Monday 2 May 2016

Apache Spark as a service -The essentials and overview of services by IBM and Databricks

Spark  provides the flexibility you need to succeed, focusing on simplifying your time to deployment, making your business users self-sufficient, and accelerating your time to value. I have discussed what spark as a service has to offer:

Introduction about Spark 
Spark is an open source analytic engine  which is used for rapid large-scale data processing in real time. Spark provides iterative and interactive processing .Spark can be regarded as alternative for mapreduce . Apache Spark can process data from data repositories, including the Hadoop Distributed File System (HDFS) and Amazon Simple Storage Service (S3). Spark can process even unstructured data too.The main advantage is that Spark can support in-memory processing and disk based processing .Spark can be  incorporated with high level programming such as Java and other languages such as Scala,R which makes it popular among data scientists to make analytical applications.Spark make use of in-memory to its full advantage where recently read data are placed in-memory allowing faster query execution.

Spark vs Mapreduce 

  • SQL queries are executed much faster in Spark than Mapreduce.
  • Spark runs on hundreds of nodes whereas Mapreduce can run on thousands onf  nodes.
  • Mapreduce is ideal for batch processing ,Spark is ideal for real time processing since it uses in-memory storage and processing.
Spark SQL 
Spark sql is a component in Spark big data framework which allows sql queries on data.It can query structured ,columnar,tabular data in Spark.It can be integrated with other hadoop database like Hive allowing interaction with hadoop HDFS.

Spark's MLlib 
MLlib contains functionalities such as statistics, regression,classification ,filtering which are needed for machine learning and real time analysis.

Spark's Flagship
Spark flagship converts streaming of big data into data  streams where analysing, process takes place with these data streams using Spark stream module.
Spark GraphX
This component provides processing on big data graph such as changing edges , vertices in a graph dataset.

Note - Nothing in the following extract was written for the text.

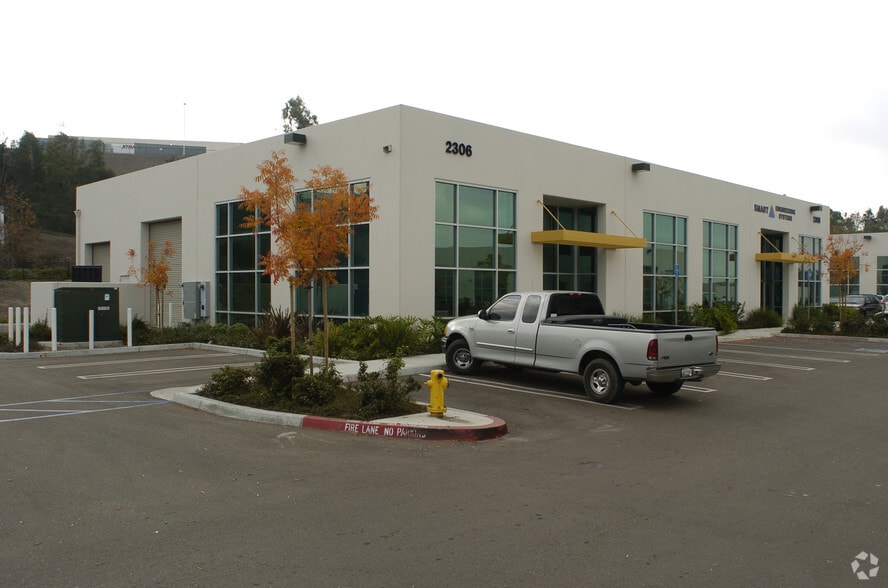 2306 La Mirada Dr, Vista, CA à louer - Hall d’entrée – Image 2 sur 18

Now let us see what factors contribute Spark as a service in other words why we can consider Spark as a service.

Spark-as-a-service 
Spark is provided as a cloud based service by IBM,Databricks because of its advantages over other processing frameworks such as Mapreduce (which I discussed earlier). Companies like databricks allows you faster deployment of Sparks.Databricks eases the process such as cluster buliding and configuration. Process monitoring , resource monitoring are taken care by Databricks. IBM's Spark-as-a-service offers new API and tac and cognitikles unstructured data and follows IBM analytics on Spark on IBM bluemix.IBM DataCap Insight Cloud services delivers data science based on external data about events, people.The company said that services doesn't require deep knowledge of big data analysis.Whenever we come across IBM and cognite computing ,we think of WATSON but this IBM Datacap Insight provides a way to handle unstructured data (i.e. machine- unfriendly data).